[RECORDS FOR THE EXERCISE — start]
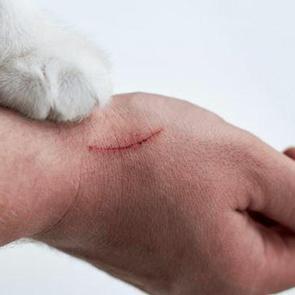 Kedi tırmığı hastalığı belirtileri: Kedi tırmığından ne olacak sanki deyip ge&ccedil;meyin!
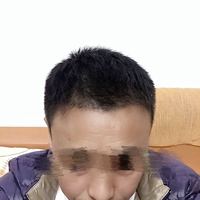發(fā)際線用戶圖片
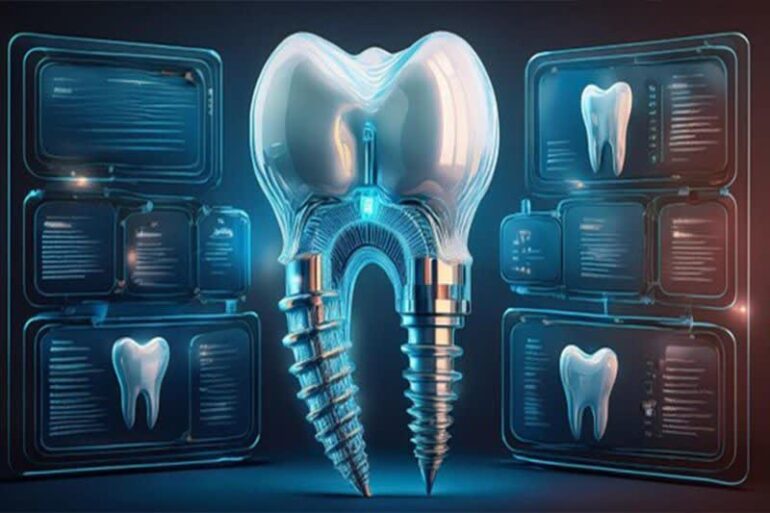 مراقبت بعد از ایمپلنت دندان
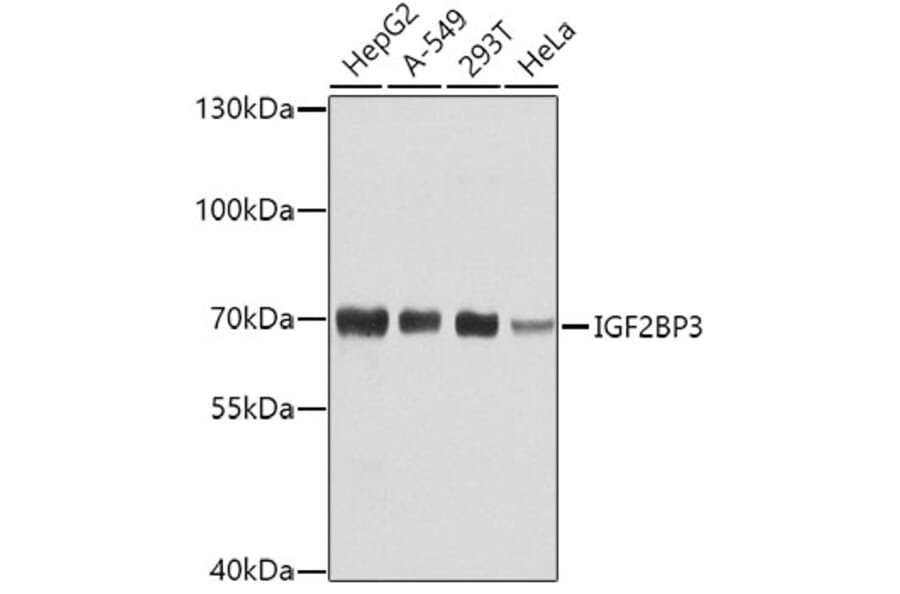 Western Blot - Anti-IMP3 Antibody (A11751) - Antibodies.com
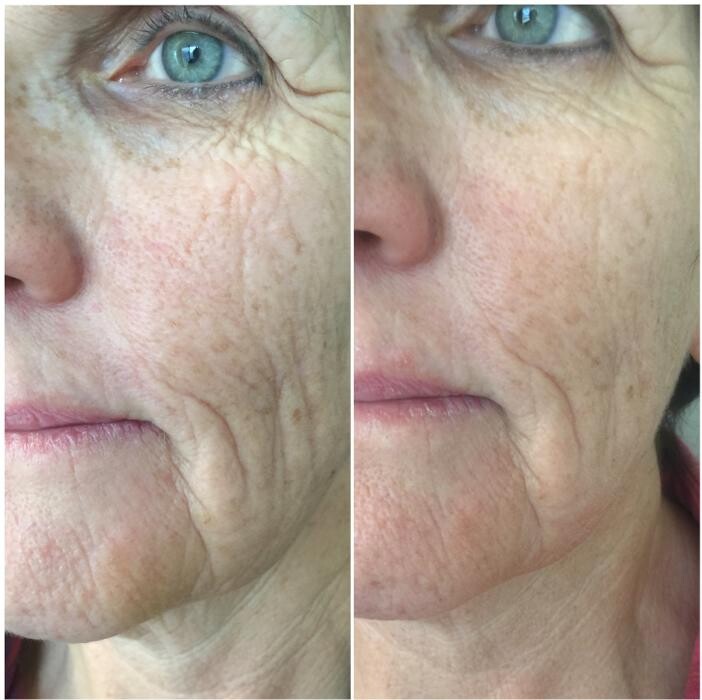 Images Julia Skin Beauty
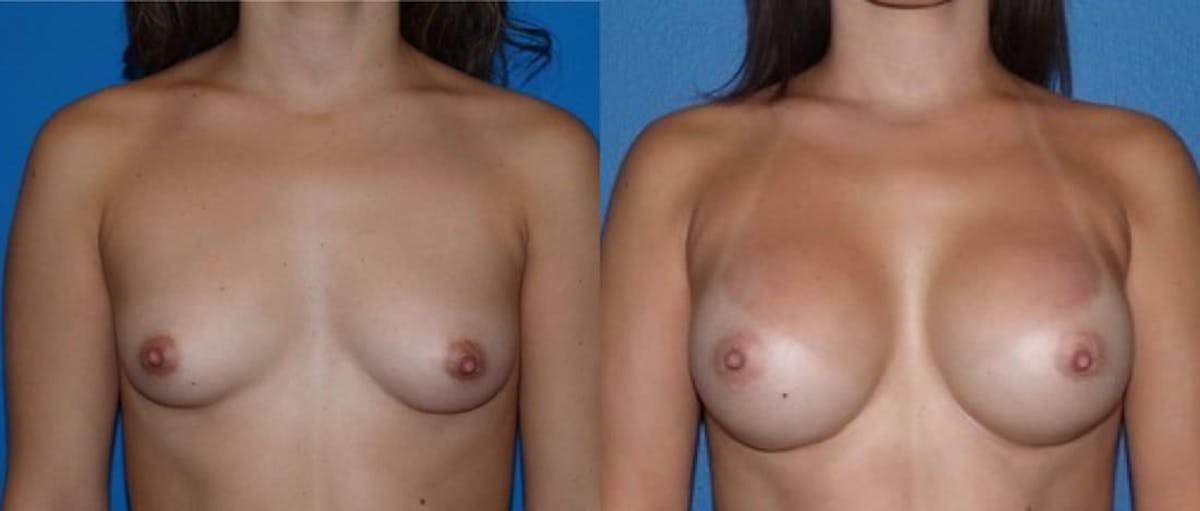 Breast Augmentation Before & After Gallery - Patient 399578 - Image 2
[RECORDS FOR THE EXERCISE — finish]
• [WHAT IS EXPECTED]
Find the line containing "發(fā)際線用戶圖片" in the listing above. Restate it and every line after it, word for word, through the final line, leaving out the pictures.

• [SOLUTION BELOW]
發(fā)際線用戶圖片
 مراقبت بعد از ایمپلنت دندان
 Western Blot - Anti-IMP3 Antibody (A11751) - Antibodies.com
 Images Julia Skin Beauty
 Breast Augmentation Before & After Gallery - Patient 399578 - Image 2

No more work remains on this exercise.